Say I have a pl.DataFrame()
with 2 columns: The first column contains Date
, the second List[str]
.
import polars as pl
df = pl.DataFrame([
pl.Series('Date', [2000, 2001, 2002]),
pl.Series('Ids', [
['a'],
['b', 'c'],
['d'],
])
])
Date | Ids |
---|---|
2000 | ['a'] |
2001 | ['b', 'c'] |
2002 | ['d'] |
Is it possible to accumulate the List[str]

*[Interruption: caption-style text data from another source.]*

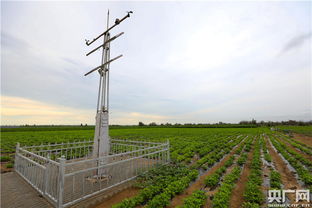 探寻山东七月种植良草，节省补种费用的秘密
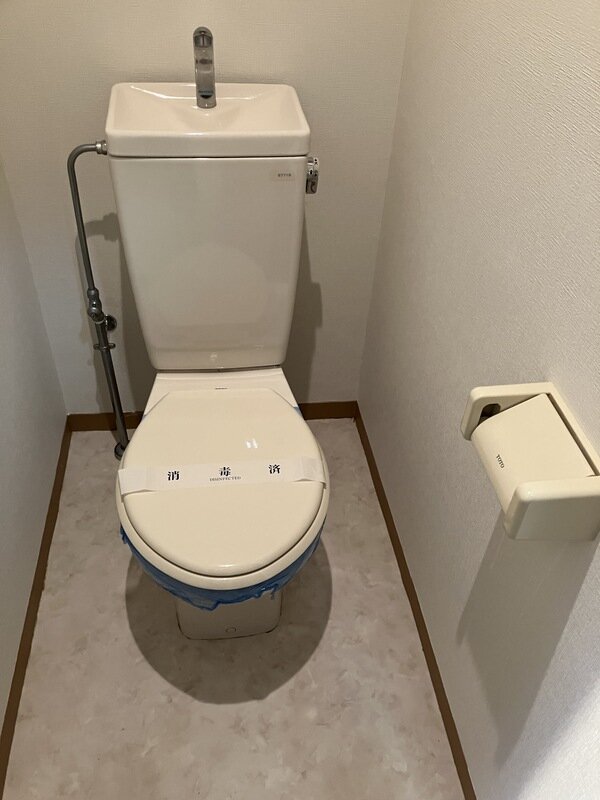 画像7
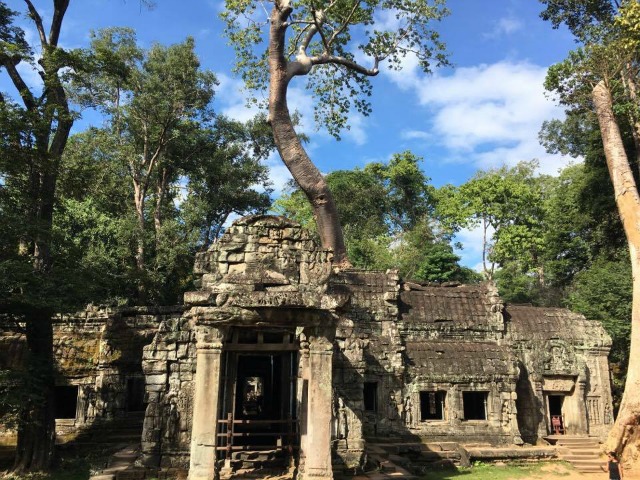 Ta Prohm in Siem Reap Cambodia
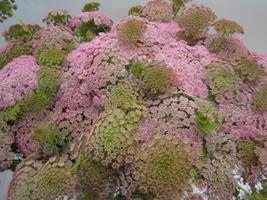 <h4>AMMI VIS SWEET ROSE</h4>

column so that each row contains itself and all previous lists in Polars? Like so:
Date | Ids |
---|---|
2000 | ['a'] |
2001 | ['a', 'b', 'c'] |
2002 | ['a', 'b', 'c', 'd'] |
It is possible to use .rolling()
if you set the period to the frame height.
(df.with_row_index()
.rolling(index_column="index", period=f"{df.height}i")
.agg(
pl.col.Date.last(),
pl.col.Ids.flatten()
)
)
shape: (3, 3)
┌───────┬──────┬──────────────────────┐
│ index ┆ Date ┆ Ids │
│ --- ┆ --- ┆ --- │
│ u32 ┆ i64 ┆ list[str] │
╞═══════╪══════╪══════════════════════╡
│ 0 ┆ 2000 ┆ ["a"] │
│ 1 ┆ 2001 ┆ ["a", "b", "c"] │
│ 2 ┆ 2002 ┆ ["a", "b", "c", "d"] │
└───────┴──────┴──────────────────────┘
However, as it requires df.height
it cannot work with LazyFrames.
It also seems to struggle with "larger data" examples.